◆ WHAT THE TASK REQUIRES ◆
Among the records below, count the lines where "Loose" occurs, and report that total alone.

Crawled caption data
———

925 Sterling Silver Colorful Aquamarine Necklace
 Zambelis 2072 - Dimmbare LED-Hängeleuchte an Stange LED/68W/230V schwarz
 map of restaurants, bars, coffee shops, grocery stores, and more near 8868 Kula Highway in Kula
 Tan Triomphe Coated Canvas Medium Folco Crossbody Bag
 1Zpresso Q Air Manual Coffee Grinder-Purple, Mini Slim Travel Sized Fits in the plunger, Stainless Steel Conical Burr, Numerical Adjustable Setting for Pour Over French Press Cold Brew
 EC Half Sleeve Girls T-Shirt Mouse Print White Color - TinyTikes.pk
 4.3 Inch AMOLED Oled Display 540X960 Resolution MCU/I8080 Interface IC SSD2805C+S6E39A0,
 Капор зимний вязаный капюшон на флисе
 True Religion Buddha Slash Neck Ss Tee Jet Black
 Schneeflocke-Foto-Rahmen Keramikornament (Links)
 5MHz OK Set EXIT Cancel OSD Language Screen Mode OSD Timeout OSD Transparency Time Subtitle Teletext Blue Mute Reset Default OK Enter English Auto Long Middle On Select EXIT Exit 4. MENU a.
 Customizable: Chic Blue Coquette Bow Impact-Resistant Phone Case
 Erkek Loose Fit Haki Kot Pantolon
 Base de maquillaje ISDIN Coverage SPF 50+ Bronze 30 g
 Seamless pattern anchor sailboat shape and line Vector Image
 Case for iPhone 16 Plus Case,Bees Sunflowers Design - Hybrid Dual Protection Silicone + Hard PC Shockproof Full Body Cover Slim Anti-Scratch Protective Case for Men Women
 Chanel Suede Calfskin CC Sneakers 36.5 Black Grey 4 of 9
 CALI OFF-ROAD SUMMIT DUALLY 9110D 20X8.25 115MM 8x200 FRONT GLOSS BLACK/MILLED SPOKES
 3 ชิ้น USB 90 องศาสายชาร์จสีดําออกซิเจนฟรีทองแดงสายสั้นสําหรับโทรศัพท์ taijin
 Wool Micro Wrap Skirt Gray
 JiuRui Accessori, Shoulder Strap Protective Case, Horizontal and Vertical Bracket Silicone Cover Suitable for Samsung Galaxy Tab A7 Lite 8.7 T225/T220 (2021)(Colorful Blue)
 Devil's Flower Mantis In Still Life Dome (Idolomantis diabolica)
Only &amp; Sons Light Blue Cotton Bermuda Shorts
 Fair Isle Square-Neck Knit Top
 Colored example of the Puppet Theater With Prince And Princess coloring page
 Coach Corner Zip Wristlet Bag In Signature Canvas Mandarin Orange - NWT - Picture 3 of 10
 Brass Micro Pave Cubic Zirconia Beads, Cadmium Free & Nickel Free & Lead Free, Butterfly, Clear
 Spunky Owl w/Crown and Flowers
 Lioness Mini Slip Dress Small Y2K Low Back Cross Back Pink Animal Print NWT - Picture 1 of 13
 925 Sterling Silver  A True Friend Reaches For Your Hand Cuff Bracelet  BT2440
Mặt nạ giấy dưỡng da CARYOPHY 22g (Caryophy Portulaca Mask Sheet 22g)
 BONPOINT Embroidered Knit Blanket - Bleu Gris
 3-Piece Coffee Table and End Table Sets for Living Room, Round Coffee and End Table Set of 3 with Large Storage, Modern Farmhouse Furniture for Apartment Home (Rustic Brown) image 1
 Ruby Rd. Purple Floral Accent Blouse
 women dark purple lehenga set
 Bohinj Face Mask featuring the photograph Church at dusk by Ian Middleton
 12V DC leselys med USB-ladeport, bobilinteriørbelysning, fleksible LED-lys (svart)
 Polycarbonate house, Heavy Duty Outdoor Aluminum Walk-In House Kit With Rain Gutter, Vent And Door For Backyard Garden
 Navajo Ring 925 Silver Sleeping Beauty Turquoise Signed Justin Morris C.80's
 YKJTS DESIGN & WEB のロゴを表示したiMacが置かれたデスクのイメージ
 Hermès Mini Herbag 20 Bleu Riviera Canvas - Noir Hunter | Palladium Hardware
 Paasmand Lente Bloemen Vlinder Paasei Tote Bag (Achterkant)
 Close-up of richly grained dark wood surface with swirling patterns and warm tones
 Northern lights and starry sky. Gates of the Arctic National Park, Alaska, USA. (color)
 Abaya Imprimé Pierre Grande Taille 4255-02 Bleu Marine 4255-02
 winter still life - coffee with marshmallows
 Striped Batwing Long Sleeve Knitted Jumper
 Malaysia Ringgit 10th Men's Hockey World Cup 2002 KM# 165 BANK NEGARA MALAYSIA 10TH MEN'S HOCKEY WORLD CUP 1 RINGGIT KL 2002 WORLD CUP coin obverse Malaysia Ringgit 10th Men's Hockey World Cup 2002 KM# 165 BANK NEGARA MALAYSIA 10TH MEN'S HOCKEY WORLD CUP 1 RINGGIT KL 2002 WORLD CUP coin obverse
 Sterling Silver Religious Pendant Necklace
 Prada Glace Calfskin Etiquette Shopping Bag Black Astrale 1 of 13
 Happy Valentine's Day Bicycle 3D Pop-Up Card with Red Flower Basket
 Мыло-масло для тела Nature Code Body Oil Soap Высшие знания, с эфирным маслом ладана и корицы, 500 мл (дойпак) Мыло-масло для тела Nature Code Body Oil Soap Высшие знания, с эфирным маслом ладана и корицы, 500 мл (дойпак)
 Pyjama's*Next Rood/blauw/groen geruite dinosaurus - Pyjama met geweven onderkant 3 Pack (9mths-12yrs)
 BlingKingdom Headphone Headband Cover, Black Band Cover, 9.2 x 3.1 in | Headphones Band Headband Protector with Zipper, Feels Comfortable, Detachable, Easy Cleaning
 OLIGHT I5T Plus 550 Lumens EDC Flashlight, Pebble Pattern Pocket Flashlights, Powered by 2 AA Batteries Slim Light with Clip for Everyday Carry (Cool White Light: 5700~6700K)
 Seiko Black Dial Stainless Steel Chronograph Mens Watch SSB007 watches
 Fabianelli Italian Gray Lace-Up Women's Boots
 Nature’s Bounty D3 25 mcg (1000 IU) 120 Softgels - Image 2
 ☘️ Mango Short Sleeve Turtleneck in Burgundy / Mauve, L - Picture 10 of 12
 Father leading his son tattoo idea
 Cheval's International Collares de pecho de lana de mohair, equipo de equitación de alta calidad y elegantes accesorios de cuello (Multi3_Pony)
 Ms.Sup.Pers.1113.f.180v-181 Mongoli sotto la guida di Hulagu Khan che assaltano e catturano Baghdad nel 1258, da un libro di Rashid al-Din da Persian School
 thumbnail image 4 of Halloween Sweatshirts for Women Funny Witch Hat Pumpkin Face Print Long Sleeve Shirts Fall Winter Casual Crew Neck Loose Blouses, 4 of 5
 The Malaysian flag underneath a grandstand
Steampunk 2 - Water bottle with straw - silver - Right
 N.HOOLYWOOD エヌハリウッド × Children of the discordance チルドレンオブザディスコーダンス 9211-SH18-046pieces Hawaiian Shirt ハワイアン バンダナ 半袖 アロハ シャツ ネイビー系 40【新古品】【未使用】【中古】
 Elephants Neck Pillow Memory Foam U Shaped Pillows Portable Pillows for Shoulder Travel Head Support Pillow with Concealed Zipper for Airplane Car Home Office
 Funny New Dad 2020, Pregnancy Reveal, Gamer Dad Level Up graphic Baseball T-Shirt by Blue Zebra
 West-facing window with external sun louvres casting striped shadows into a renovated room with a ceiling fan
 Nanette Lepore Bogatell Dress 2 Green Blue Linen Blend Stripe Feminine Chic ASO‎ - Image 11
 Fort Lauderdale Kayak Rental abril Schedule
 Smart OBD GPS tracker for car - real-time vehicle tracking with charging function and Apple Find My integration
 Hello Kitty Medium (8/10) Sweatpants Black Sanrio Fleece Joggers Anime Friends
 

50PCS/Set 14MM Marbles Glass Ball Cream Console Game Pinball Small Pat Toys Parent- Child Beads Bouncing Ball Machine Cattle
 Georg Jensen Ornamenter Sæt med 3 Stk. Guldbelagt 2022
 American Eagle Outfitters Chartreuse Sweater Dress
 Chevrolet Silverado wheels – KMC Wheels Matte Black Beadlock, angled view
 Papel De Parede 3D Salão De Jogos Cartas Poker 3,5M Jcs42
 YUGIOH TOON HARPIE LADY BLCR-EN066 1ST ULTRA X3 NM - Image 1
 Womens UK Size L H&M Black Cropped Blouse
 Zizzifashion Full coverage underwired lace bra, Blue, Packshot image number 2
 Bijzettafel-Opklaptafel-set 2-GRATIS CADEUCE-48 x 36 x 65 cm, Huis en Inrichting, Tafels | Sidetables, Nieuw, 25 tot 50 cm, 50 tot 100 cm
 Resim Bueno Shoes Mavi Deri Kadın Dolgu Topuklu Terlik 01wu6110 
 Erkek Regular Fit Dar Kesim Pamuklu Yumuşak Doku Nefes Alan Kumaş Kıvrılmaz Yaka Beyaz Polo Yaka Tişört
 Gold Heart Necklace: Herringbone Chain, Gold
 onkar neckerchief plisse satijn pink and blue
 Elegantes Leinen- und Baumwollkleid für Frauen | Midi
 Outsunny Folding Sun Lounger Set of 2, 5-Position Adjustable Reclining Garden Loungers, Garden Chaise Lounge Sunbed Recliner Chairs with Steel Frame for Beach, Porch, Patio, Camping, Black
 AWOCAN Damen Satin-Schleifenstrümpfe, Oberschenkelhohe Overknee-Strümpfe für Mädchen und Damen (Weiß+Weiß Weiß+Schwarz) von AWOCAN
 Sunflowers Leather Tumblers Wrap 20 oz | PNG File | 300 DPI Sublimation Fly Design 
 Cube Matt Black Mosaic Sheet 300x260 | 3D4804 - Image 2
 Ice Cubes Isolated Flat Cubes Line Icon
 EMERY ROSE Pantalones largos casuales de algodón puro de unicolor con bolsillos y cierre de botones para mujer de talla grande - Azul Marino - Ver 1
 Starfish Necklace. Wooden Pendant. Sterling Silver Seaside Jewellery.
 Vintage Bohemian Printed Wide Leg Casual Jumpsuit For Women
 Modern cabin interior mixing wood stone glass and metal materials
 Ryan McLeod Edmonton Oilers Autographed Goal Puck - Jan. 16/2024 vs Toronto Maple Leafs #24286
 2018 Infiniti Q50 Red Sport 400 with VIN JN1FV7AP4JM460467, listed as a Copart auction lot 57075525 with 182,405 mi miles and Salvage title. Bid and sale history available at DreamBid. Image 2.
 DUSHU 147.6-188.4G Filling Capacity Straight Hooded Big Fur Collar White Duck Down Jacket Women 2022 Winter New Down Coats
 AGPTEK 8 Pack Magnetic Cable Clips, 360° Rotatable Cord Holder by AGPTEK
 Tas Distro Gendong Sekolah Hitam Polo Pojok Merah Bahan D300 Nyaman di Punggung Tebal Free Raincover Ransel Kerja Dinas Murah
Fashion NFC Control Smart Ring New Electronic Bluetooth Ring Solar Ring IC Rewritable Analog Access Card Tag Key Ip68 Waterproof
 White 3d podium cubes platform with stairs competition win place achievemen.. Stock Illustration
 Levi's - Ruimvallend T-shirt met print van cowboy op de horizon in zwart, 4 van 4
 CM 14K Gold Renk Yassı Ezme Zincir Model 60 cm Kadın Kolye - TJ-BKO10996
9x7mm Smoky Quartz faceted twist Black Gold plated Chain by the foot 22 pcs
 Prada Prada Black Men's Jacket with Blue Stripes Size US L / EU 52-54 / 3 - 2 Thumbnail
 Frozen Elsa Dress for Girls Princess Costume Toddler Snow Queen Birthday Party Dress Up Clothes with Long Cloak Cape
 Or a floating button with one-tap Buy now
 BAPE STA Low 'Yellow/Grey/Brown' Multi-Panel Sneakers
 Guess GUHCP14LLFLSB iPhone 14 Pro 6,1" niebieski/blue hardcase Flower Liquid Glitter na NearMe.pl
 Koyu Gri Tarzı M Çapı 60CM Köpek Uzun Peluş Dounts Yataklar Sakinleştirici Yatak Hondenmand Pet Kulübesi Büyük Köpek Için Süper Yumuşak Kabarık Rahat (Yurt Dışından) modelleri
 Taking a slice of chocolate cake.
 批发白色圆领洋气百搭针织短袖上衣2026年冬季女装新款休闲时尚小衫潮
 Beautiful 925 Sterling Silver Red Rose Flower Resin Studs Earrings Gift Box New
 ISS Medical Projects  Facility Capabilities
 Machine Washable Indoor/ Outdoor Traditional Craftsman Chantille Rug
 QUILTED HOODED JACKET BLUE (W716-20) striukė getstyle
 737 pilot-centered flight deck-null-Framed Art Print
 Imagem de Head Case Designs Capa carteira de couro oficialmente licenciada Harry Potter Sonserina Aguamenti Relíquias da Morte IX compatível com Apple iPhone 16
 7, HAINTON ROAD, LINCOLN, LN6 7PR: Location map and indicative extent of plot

———

◆ SOLUTION TO THIS TASK ◆
2